Certainly the pressures Betsy and her friends faced were as emotionally mind-boggling to them as the ones facing young women today. Author Meg Cabot first read Lovelace’s books while writing The Princess Diaries. In an age when teenagers openly discuss blow jobs, she found Betsy’s concerns about, say, holding hands with boys oddly empowering. Plenty of girls today “are freaked out about sex,” Cabot says. “These books allow them to slip back into a world where it wasn’t expected.”

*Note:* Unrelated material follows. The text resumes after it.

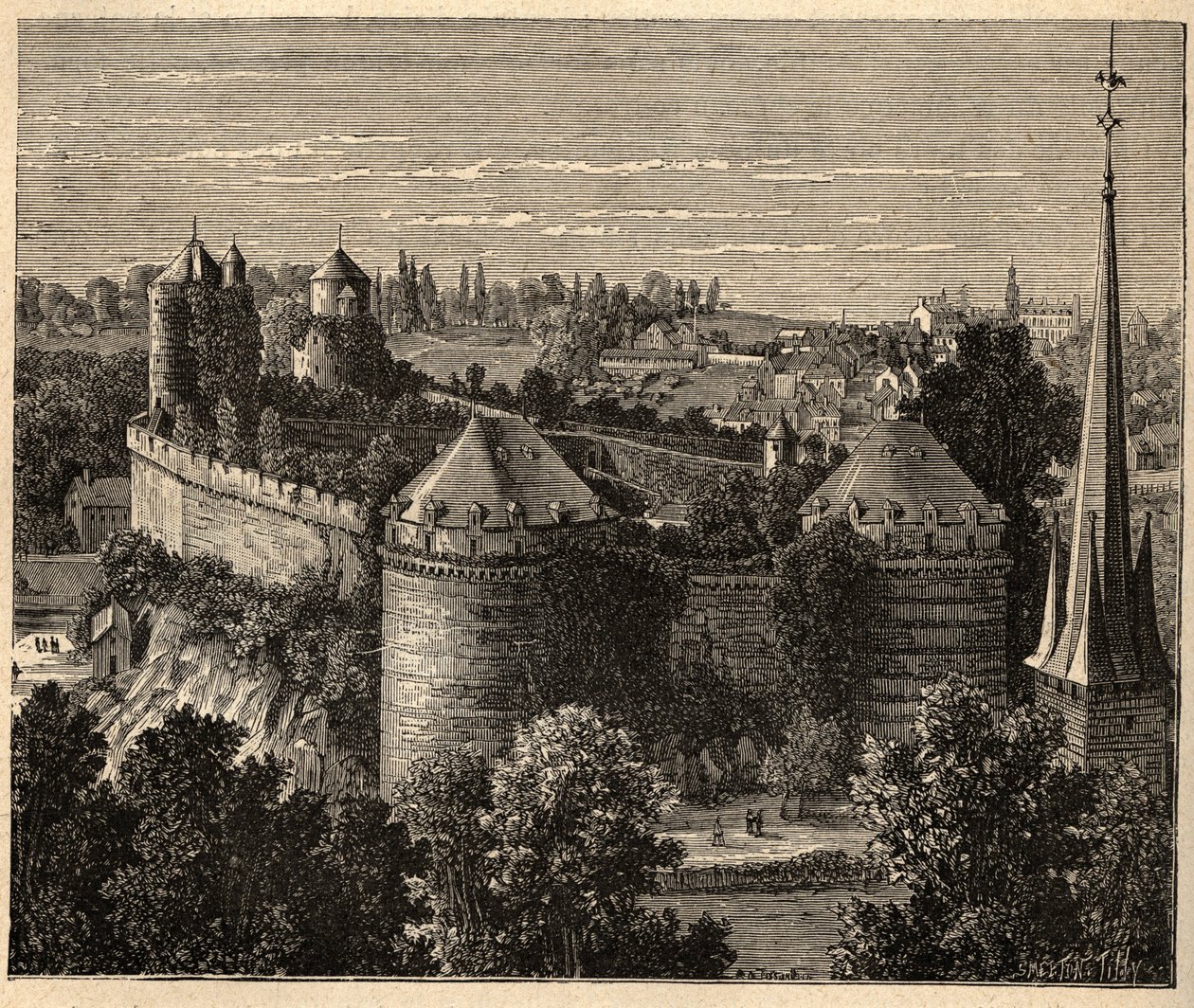 Le Chateau a Fougeres - Brittany - Fransa - “” PATRIE” üzerine gravür - FRANSA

Cabot, novelist and columnist Anna Quindlen, and crime writer Laura Lippman have each written a foreword to one of the three reissues from HarperCollins (the reissues comprise the last six Betsy-Tacy books). They are among the fans who essentially demanded that Lovelace’s later books be reprinted (the first four have been in continuous production since publication). As Quindlen points out, the mores of the two girls may be antediluvian, but their goals are modern. Betsy, along with Little Women’s Jo and Anne of Green Gables, showed Quindlen that a woman could make her living as a writer. “These are female-empowerment books,” she says. “The linchpin of Betsy’s life is her friendship with her friends Tacy and Tib. Her relationship with her boyfriend and eventual husband, Joe Willard, is between equals. I think the best of the books is Betsy in Spite of Herself, because it gives such a vivid picture of the ways young women are tempted to mold themselves in some uncomfortable image and likeness.”
If anything, technology has only increased the popularity of the books. The blogosphere includes three Betsy-Tacy Facebook groups and the national Betsy-Tacy Society; Sadie Stein, on Jezebel.com, called Betsy-Tacy “the best series of all time;” and all three reissues are currently in the top 35 on Amazon’s 20th Century Literatures and Fiction list. Relatability is clearly not a problem. “When Meg [Cabot] spoke at the Betsy-Tacy convention this summer,” says HarperCollins V.P. Jennifer Hart, “she said that if Betsy was alive today, she would probably be blogging, writing something inappropriate, and getting into trouble.”